Grab a Sage One 6wt on clearance before they're all gone. They can handle slot+ reds if you have good brakes.


----------



## E-money (Jul 7, 2016)

BM_Barrelcooker said:


> I carry an 8weght gl 2. For windy and diffeeent conditions.
> I also carry my favorite rod : Helios 2 in 5wt that fishes like a 6. It casts like a dream and I've caught some huge bass on it as well as reds up to 15# and various carp ,hybrids and Gar .
> I've broken it a few times too and they send me a new section.
> 
> Just find something that you are comfortable with and can handle the flies you are throwing.


My 8 wt H2 just broke recently and I had to send it off. They have had it for 4 weeks now. Not too pumped about that. I am getting a lot of feedback from guys fishing H2's that they break pretty frequently. Hope I don't continue to have this kind of experience.

But it has given me time to dedicate to my 7 wt and I am really liking it. With the RW Bermuda shorts it throws every bit as good as my 8 in the wind.


----------



## BM_Barrelcooker (May 4, 2011)

The first time I sent one in it took forever. 

After that I always let them know it was urgent !!! When I got my repair order. 

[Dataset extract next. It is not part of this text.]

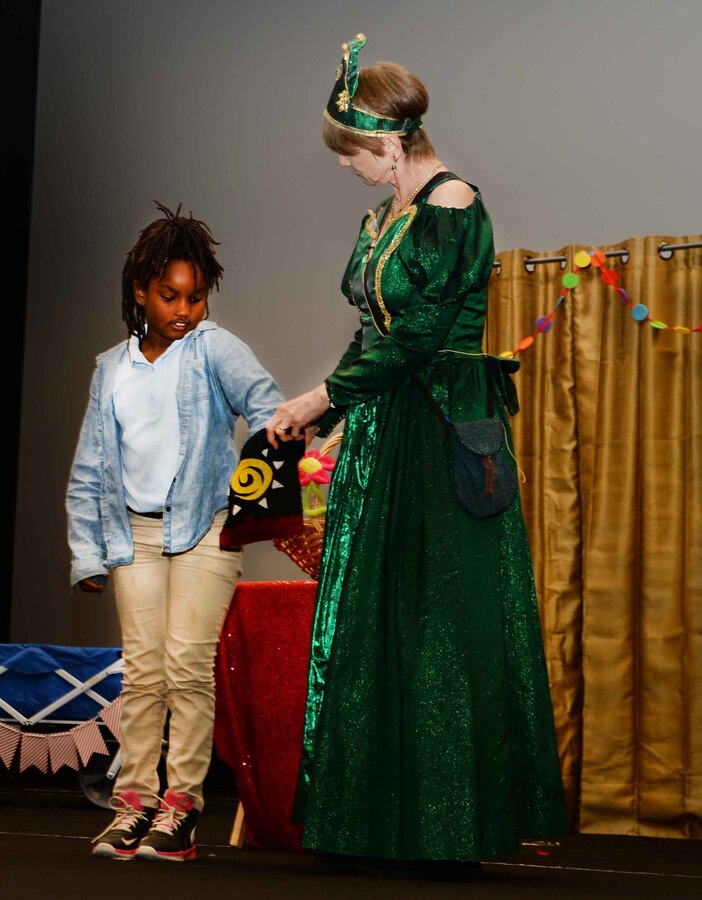 Queen Emeralda, professional storyteller, leaves her home in Fairyland to bring “laughter and fun” to Marine Corps Logistics Base Albany’s young audience, who filled the Base Theater, April 25. The event, which was hosted in celebration of the Month of the Military Child, was also held to bring awareness to and in observance of the 2017 Child Abuse and Neglect Prevention Month. Three-year old students from MCLB Albany’s Child Development Center as well as kindergarteners from International Studies Elementary Charter School, Albany, Ga., attended the activities.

The last one was just a few days. 

Make sure to call them instead of just email.


----------



## el9surf (Dec 23, 2008)

crboggs said:


> Grab a Sage One 6wt on clearance before they're all gone. They can handle slot+ reds if you have good brakes.


X2 awesome rod!


----------



## Stevie (Jun 27, 2017)

For the TX Coast my favorite rod is the G Loomis Pro-! GLX 7 weight with Rio Redfish line. Plenty of back bone for fish fighting and casting into the wind. Very accurate. Super light.


----------